See here:https://en.wikipedia.org/wiki/Ancient_Pueblo_peoples

I think something like those settlements would be a great setting inclusion for you. It's reminiscent of the sort of atmosphere you're going for and should evoke the sorts of imagery that you can easily expand on while staying within your theme. In my opinion, the last thing you'd want is for some sort of "Wild West" theme to intrude itself upon your story. (If you want that, combine your plot with "Gunsmoke", "Wagontrain" or "The Rifleman" and go with that, instead.)


----------



## egpenny (Apr 19, 2014)

Deep under the Sahara there are large bodies of water locked away.  The same could said for your city.
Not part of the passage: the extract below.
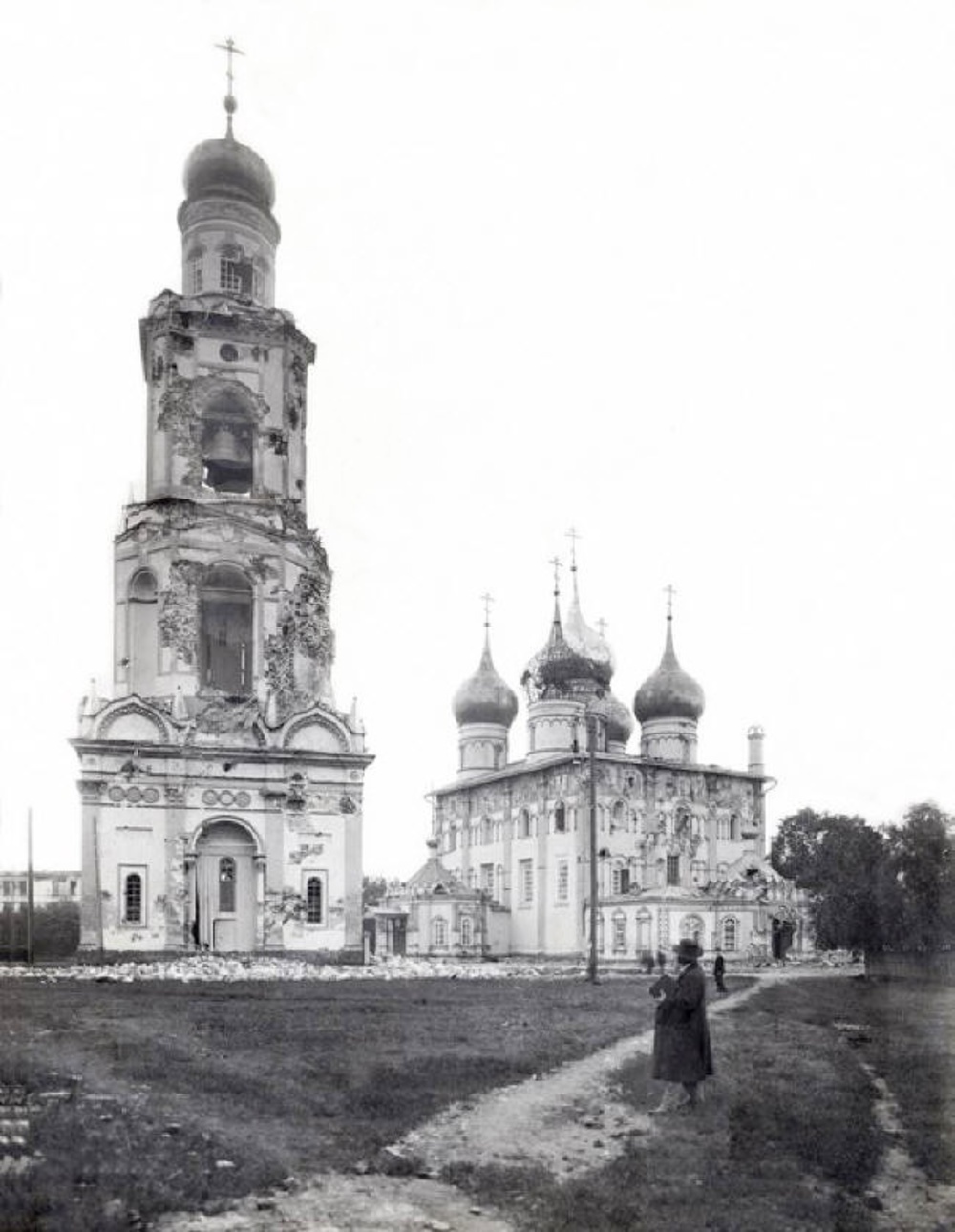 Повреждённые артиллерией Успенский собор и колокольня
If the city was grew from mining, there might have been a few hard rock miners with the ability and foresight to drill for H2O.  Or, take a page from history and use a system of covered canals to bring winter water from the mountains to underground cisterns.  It's fiction, make it halfway logical and it will work to suspend belief in the reader.  As far as the climate goes people will live anywhere, regardless of climate.  All they need is the ability to survive.  I've been in the Sahara, in places where it looked like nothing bigger than a scorpion could live,  and seen a guy go by on a camel who looked pretty darn casual, like he was just out enjoying a little ride; no big.


----------